Dez quarteirões para a frente, ironicamente bem em frente à Tower Records da Broadway, um sujeito vende DVDs com o recente "Homem-Aranha", de Sam Raimi, também ainda em cartaz, por US$ 10. Essa é a realidade, e vai piorar.

O culpado é uma sigla, na verdade, um sistema de compressão para vídeos que não é novo, mas nunca tinha sido utilizado em larga escala: o MPEG-4 ou MP4. O padrão faz pelas imagens em movimento o mesmo que o MP3 faz pelas músicas (e contra a indústria), sem ocupar tanto espaço.

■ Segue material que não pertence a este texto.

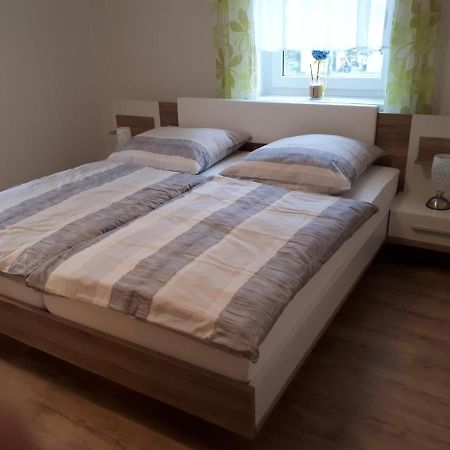 Ferienwohnung Karlguth นอยชตัดท์ อิน ซัคเซิน ภายนอก รูปภาพ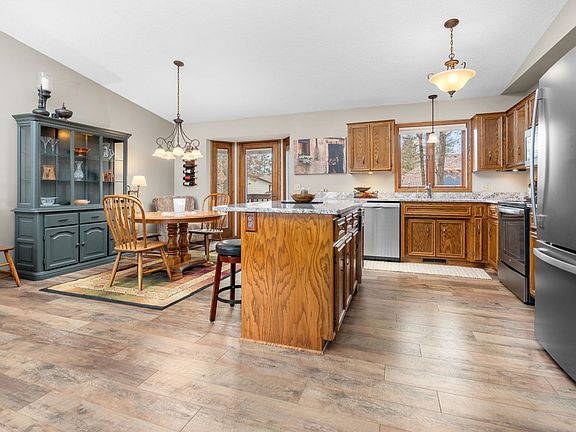4th image of 2043 W Highview Dr
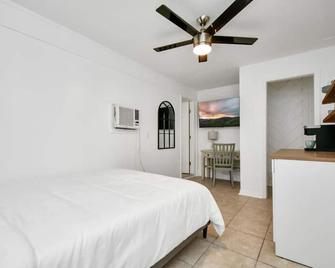 Cozy MiniStudio with Queen Bed Coffee - Cypress - Bedroom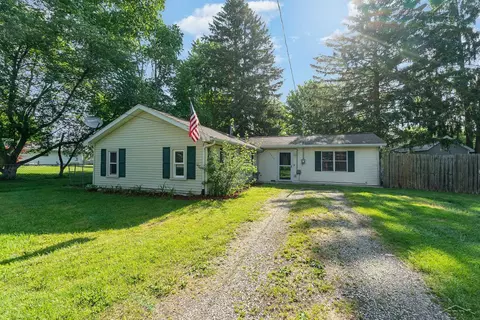 7950 Mielke, Freeland, MI 48623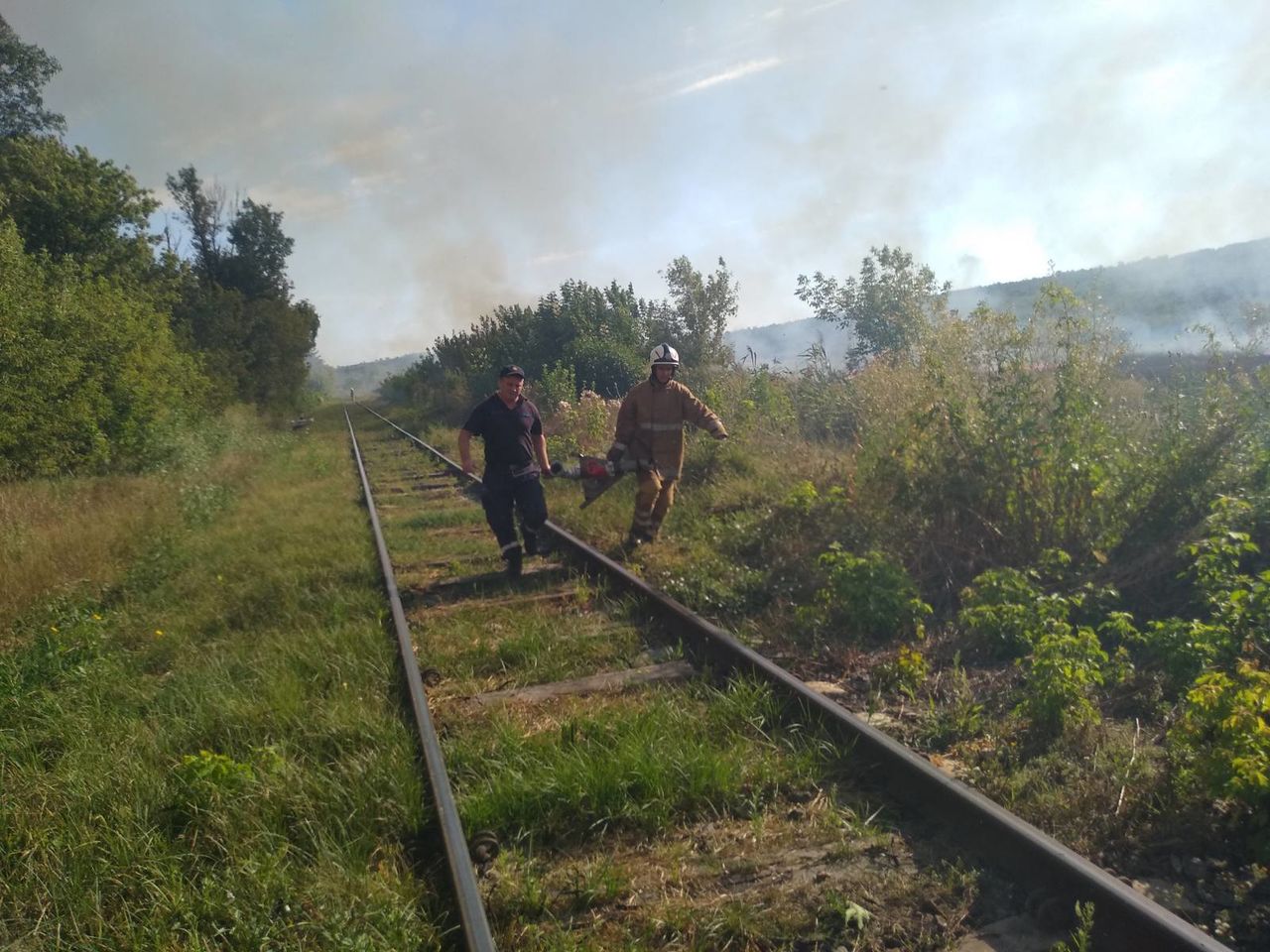 Крупный очаг возгорания травы потушили пожарные в Унгенах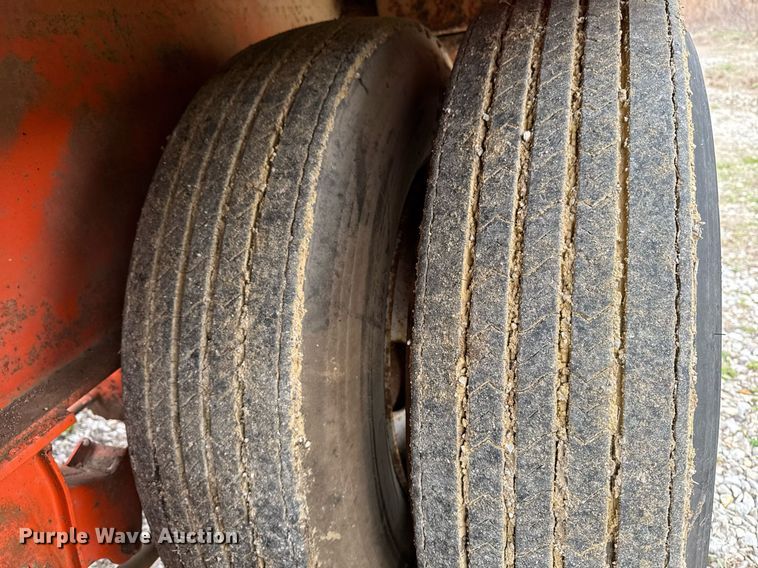 image for item EM3761 2005 Al-Jon Inc car crusher trailer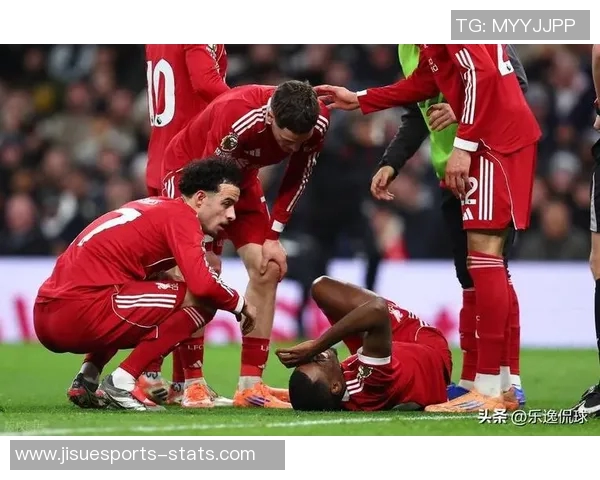 西甲激战:利物浦与热刺战成平局神奇扑救成比赛焦点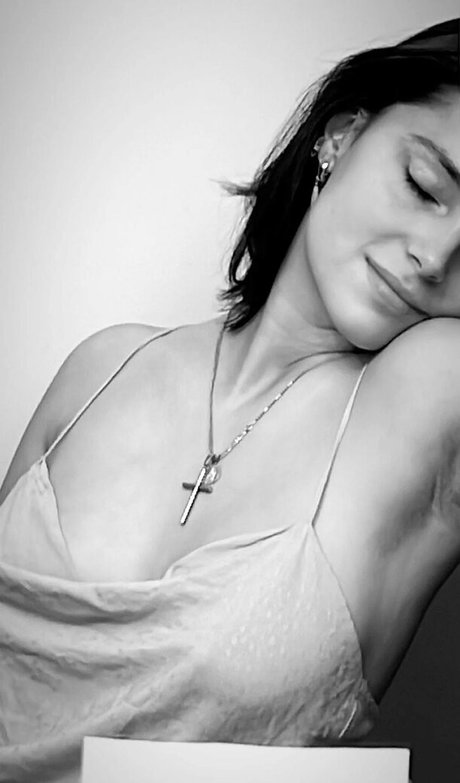 Inde Navarette beautiful model archive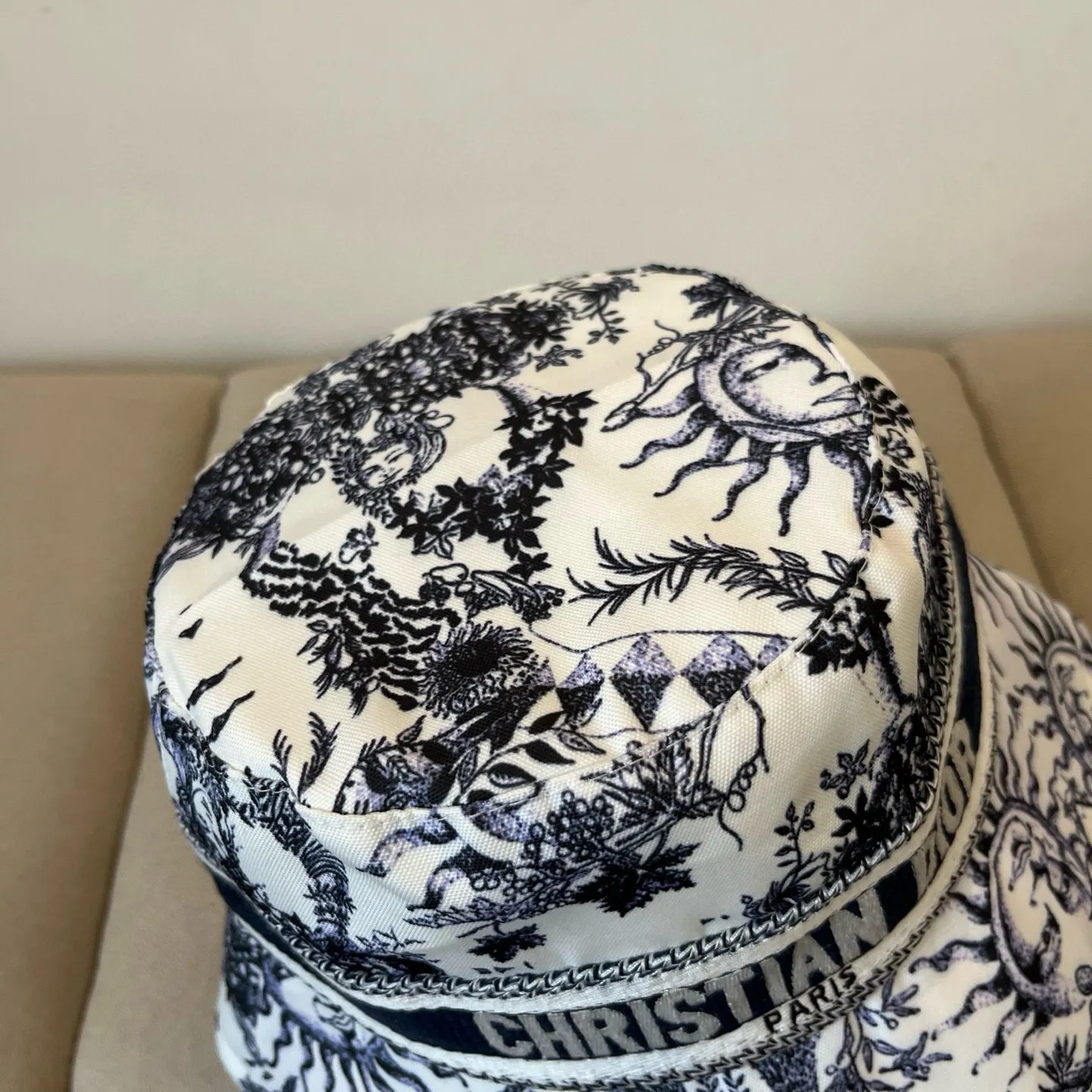 P70 [DIOR Dior] is a new and popular simple bucket hat. It is shipped in new style. It is very easy to match with big-name models. Hurry up and get it!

Assim, você grava em DVD o último episódio do seriado "Friends" nos Estados Unidos, transfere para seu computador e manda por e-mail para seu amigo no Brasil como MP4. Aí, ele grava em CD ou DVD e distribui para os amigos dele. Ou mantém o arquivo acessível para quem quiser ver em seu site.

Está sentindo o cheiro de um Napster de vídeos? É isso mesmo. Pelo menos um website entre vários já ensaia esse futuro: www.kazaa.com.